His most recent editorial venture, the Columbia History of Twentieth-Century French Thought, was the winner of the 2006 Modern Language Association Scalgione Prize for the best book in French. This work also received awards from the Independent Publishers Association and the Ray and Pat Brown Foundation.
Frequently consulted on both sides of the Atlantic on French culture, politics, and intellectual life, Kritzman has been interviewed by Le Figaro, Télérama, Radio France, Liberation, Le Monde, La Stampa, The International New York Times, Newsweek, the Chronicle of Higher Education, The Boston Globe, and National Public Radio.

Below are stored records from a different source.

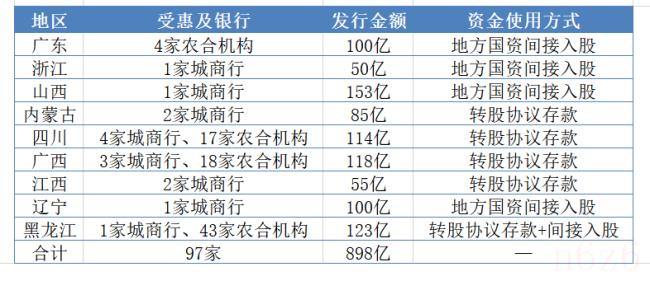 银行协议存款利率多少（2022年银行存款利率表一览表）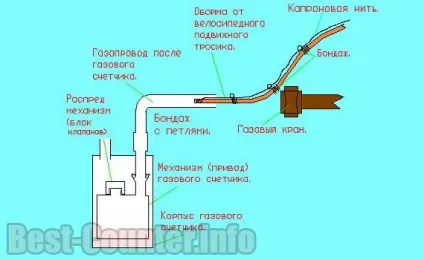 Як пригальмувати або зупинити лічильник газу - спосіб полягає в гальмуванні рахункового механізму (пристрій) Як пригальмувати або зупинити лічильник газу - спосіб полягає в гальмуванні рахункового механізму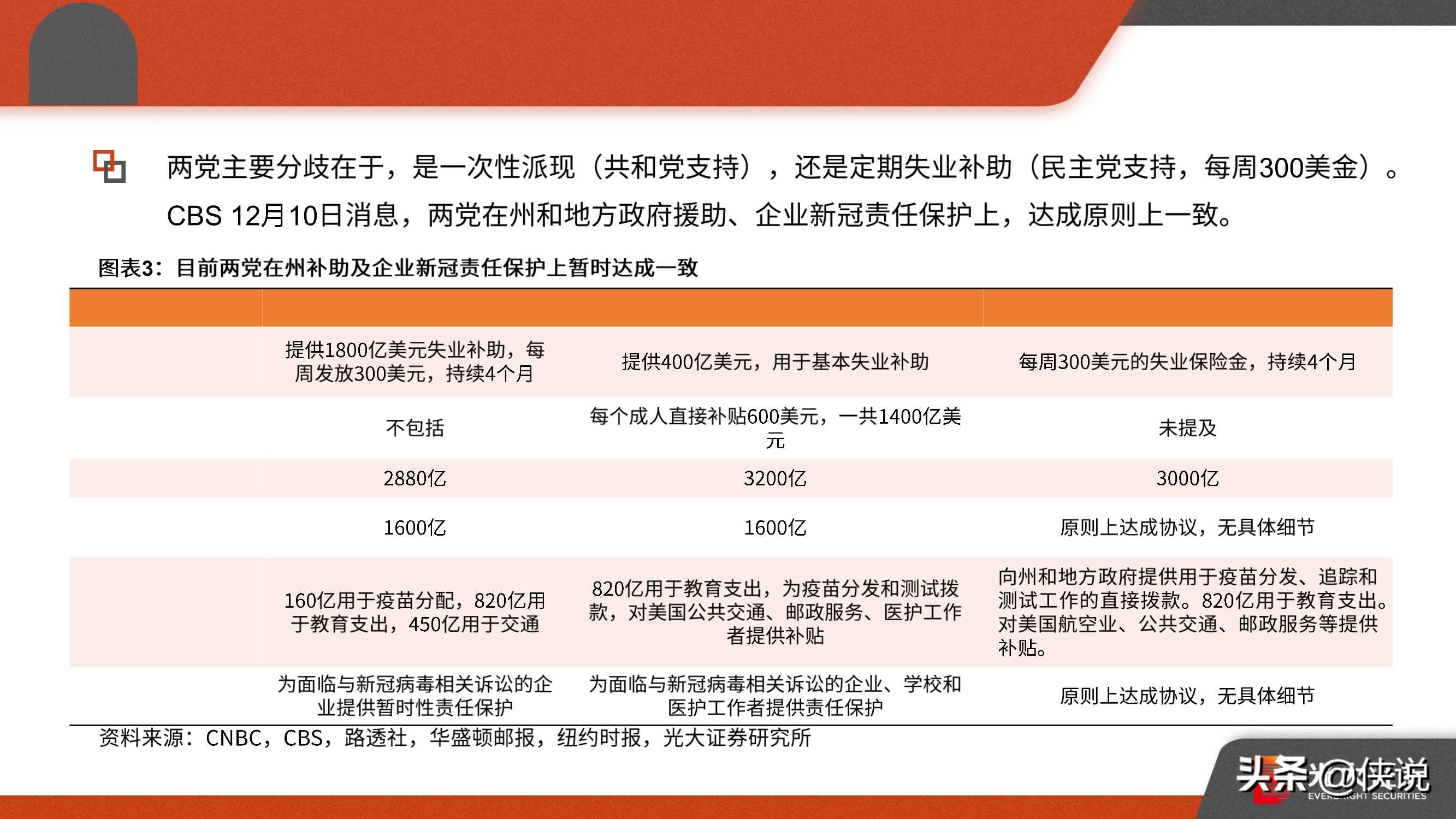 后疫情时代的全球经济与中美形势：2021年宏观年度策略报告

In 1990, the French government made him a knight in the Ordre des Palmes Académiques; in 1994, he was made an officer; in 2019 he was made in 2018 he was made "Commandeur"[14] —the highest honor awarded to an academic in France, and one that is only rarely given to scholars who are not French nationals. The order was first established by Napoleon I in 1808. Kritzman, a scholar of the French Renaissance, now holds all three of its ranks—Chevalier (knight), Officier (officer), and Commandeur. In 2000, he was awarded the Ordre National du Mérite, the second-highest civilian award accorded in France, by Jacques Chirac.
In 2012, he was named to the Legion d'Honneur, the highest honor that France bestows on a civilian, by French President Nicolas Sarkozy.[15] [16] Kritzman has received fellowships and awards from the American Council of Learned Societies, the Andrew Mellon Foundation, and the Florence Gould Foundation. In 2013, Kritzman was elected to the Societe d'histoire litteraire de la France. In 2006 he was given the Professor of the Year Award by the Dartmouth Student Assembly. He received the Jerome Goldstein Distinguished Teaching Award by vote of Dartmouth's graduating class of 2015.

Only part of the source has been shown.